We have a choice in Macon County: Make decisions based on ignorance and absurd fear or establish policy based on the voices of compassion and educated, rational information.

If you want to protect young people, then initiate red flag laws and ban assault weapons. Those issues represent major concerns.

Dismantling the library and the exceptional staff are totally off-limits.  

  

Beaupre Preston – Franklin, N.C.

Proper procedures followed regarding library materials

Mr. Dan Kowal’s second letter to the editor is a doubling-down on the insults and distortions of his previous letter, and requires a response. I’m glad he spoke with the Macon and Jackson librarians, but their account is only one side of the story. Ms. Hardison has only been the Macon librarian for about two months, and she was not involved in this controversy or personally knowledgeable about the vast majority of what occurred. Most of our dealings have been with the previous Macon head librarian and former FRL Director, Karen Wallace, and the newly-appointed director, Tracy Fitzmaurice.

In regard to the criticism about library forms, this is a new talking point from the FRL director, inaccurate in terms of key details, and a total and utter distraction from the issues. First, several Franklin moms and dads attended a meeting of the Macon County Library Board at the Highlands library last August. At this meeting Karen Wallace provided us with the materials reconsideration forms. She also said point-blank that submitting forms was not the only way to initiate a reconsideration of a book, its placement in a specific section, or other library policies, and that showing up to a FRL board meeting and voicing a specific concern had the same effect. We got this directly from the Fontana Regional Director at the time. So, we did both. We submitted some forms requesting books be moved from the teens section to the adult section and we attended meetings regularly and voiced our concerns. We were actually reluctant to use the forms, because we did not want that to give rise to charges that we wanted to remove or ban books, because that is not our goal. (Did you hear me? We do not want to ban or remove books. Full stop.) Ironically, now Mrs. Fitzmaurice, Mr. Kowal and others want to make this debate about paperwork: “You didn’t submit the forms! You didn’t follow procedure!” If we had submitted more forms, we would have been criticized for that.
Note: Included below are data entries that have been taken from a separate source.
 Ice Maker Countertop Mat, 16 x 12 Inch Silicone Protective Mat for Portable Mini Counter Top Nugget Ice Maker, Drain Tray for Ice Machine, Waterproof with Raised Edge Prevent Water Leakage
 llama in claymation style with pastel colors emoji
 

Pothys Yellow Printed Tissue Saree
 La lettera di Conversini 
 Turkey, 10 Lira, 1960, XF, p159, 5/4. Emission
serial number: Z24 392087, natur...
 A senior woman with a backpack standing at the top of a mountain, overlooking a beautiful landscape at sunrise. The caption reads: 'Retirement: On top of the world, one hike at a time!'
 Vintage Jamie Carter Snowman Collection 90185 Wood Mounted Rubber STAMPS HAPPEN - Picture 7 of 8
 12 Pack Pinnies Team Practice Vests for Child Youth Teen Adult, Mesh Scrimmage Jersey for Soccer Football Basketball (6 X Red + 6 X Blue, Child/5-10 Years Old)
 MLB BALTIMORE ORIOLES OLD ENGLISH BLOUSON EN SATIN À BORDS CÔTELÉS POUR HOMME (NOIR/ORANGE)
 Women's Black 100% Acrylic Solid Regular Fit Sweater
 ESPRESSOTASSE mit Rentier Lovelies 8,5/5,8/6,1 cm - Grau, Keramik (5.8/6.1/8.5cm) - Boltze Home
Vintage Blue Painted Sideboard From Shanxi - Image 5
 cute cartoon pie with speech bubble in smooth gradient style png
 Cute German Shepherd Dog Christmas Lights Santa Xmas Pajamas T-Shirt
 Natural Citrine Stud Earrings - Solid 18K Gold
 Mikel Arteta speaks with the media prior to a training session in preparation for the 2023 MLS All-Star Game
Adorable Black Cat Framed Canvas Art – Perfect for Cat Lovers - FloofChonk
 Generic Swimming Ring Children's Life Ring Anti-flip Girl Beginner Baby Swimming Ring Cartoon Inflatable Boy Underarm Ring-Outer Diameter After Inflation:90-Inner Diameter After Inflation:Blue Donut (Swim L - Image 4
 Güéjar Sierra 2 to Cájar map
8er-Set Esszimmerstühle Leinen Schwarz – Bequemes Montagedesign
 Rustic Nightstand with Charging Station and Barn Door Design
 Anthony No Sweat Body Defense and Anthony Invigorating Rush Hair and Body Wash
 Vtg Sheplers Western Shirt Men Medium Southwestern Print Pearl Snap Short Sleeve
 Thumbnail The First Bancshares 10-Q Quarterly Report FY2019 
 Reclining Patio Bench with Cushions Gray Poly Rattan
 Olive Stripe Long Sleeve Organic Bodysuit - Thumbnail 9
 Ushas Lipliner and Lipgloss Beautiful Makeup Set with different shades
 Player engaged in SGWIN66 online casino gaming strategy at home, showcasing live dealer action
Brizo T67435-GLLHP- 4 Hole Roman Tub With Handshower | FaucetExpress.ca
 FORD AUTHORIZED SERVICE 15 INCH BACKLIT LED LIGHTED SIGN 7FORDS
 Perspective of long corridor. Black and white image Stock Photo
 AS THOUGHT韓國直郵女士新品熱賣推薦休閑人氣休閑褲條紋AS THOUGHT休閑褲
As to books being “properly vetted” as Mr. Kowal claims, that is highly debatable. We have spoken to the head librarians about their process of selection, and they’ve admitted that library staff do not read books before they are purchased and shelved, even if they have a lot of sexual content and are placed in the teen’s section. They give a lot of deference to glowing reviews found on various online sites and awards given to books, many of which are given specifically to books that feature sexual topics, such as the Stonewall Award. These things carry more weight with them than the concerns of actual parents in the community, and are cited in answer to our forms as to why they won’t move explicit books to the adult section.

Mr. Kowal goes on to accuse us of demonizing the library staff and “the LGBT community.” This is false, and an example of his demonization of us. We have never demonized LGBT people. That is a lie meant to “escalate fear, division, and disinformation within our community” – the very thing he accuses us of doing. And regarding library staff, we have clearly and consistently pointed out the flaws in their selection criteria for minors and their display policy, and challenged some of their actions and biases, but we have not attacked or vilified them personally.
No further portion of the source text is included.